AN ENGLISH CUBIST




WILLIAM ROBERTS:

Vorticism and the Politics of

Belles-Lettres-ism


[Vortex Pamphlet No. 5]


For the context in which this pamphlet was published, see John David Roberts, 'A Brief Discussion of the Vortex Pamphlets'. The ellipses in the text are Roberts's own. Text and illustrations © The Estate of John David Roberts. Reproduced with the permission of the William Roberts Society.


A Reply

Readers

Cover and frontispiece for Vortex Pamphlet No. 5



Vorticism
and the
Politics of Belles-Lettres-ism



One afternoon in the summer of 1957 my wife and I were sitting in our dining-room enjoying the view of the sun-lit garden and the canal beyond, when the phone rang. Sarah picked up the receiver and after a pause said, 'A woman is speaking from the Times Literary Supplement office, and wants to know where copies of your pamphlets can be obtained, as they wished to review them.' I replied that I had no Pamphlets myself, nor did I know where any could be got. On another afternoon some months later, when the Plane tree in our garden had begun to cover the grass with its brown shrivelled leaves, the phone bell rang again. Once more over the line from the office of the Times Literary Supplement came a woman's 'Disembodied' voice.

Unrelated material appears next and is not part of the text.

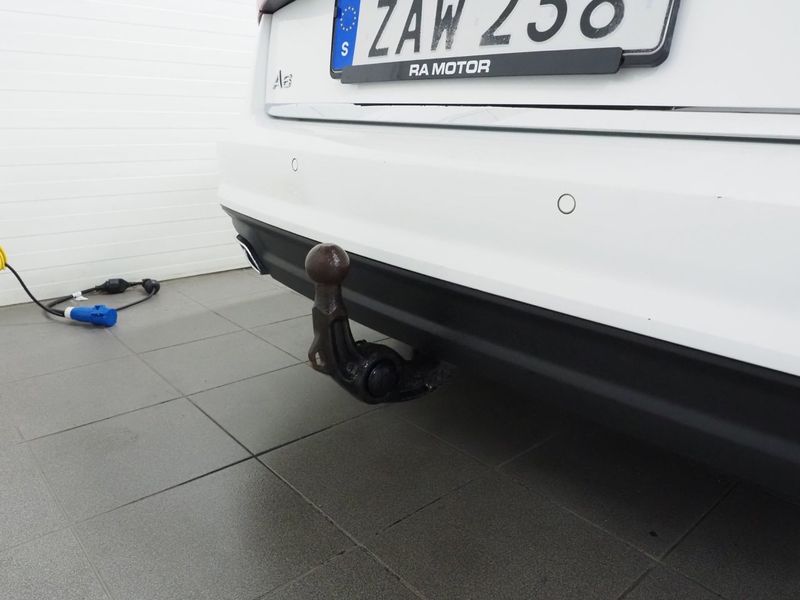 Audi A6 bild 23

It said that they had managed to get copies of the Pamphlets, and a review of them would appear in about a week; she would also like to know their price, as it was customary to give the price when a book was reviewed. It was explained to the enquirer that the pamphlets had not been sold, but had been distributed free. On the 22nd November 1957 a review of my pamphlets with the heading 'Vorticism and the politics of art' was published in the Times Literary Supplement. Promptly, the following week, on the 27th November, a reply to this review from Sir John Rothenstein appeared in the correspondence columns of the 'Supplement'. His communication consisted in fact of two letters, for Sir John had seized with alacrity this opportunity to make public a long letter that he had, some months before, addressed to me, but to which I had not replied.

At first it seemed doubtful whether my letter of reply to Rothenstein would ever get into the columns of the T.L.S.; a good deal of excited argument took place, on the phone, between myself and someone at the T.L.S. editorial room end of the line; my interlocutor was of the opinion that, in the Chantrey dispute between the Tate and the Academy, it was not the Tate Director but the Gallery Trustees as a whole who were responsible for policy.

This objection, however, overlooked the fact that it was not the Trustees who wrote and signed the Daily Telegraph article, but, Sir John Rothenstein. After a time lapse of two weeks, on December 13th, the following letter from me was printed.


Mr. William Roberts, Sir John Rothenstein, and 'a vast tangle of falsehood'


Dear Sir,

In connection with a review of my pamphlets which appeared in your issue of November 22nd, Sir John Rothenstein has seen fit to communicate to you the copy of a letter he sent to me some months ago, and which deals chiefly with the pamphlet I produced in reply to his biographical essay upon myself in his recent book From Lewis to Moore. In this letter Rothenstein refers to 'A reply to my Biographer' as a 'Vast tangle of falsehood'; I would like to examine here some of the examples he has selected.

The exact amount of falsehood contained in my statement that 'Sir John succeeded in getting the Tate represented on the Chantrey Fund' can best be estimated by a consideration of the following facts.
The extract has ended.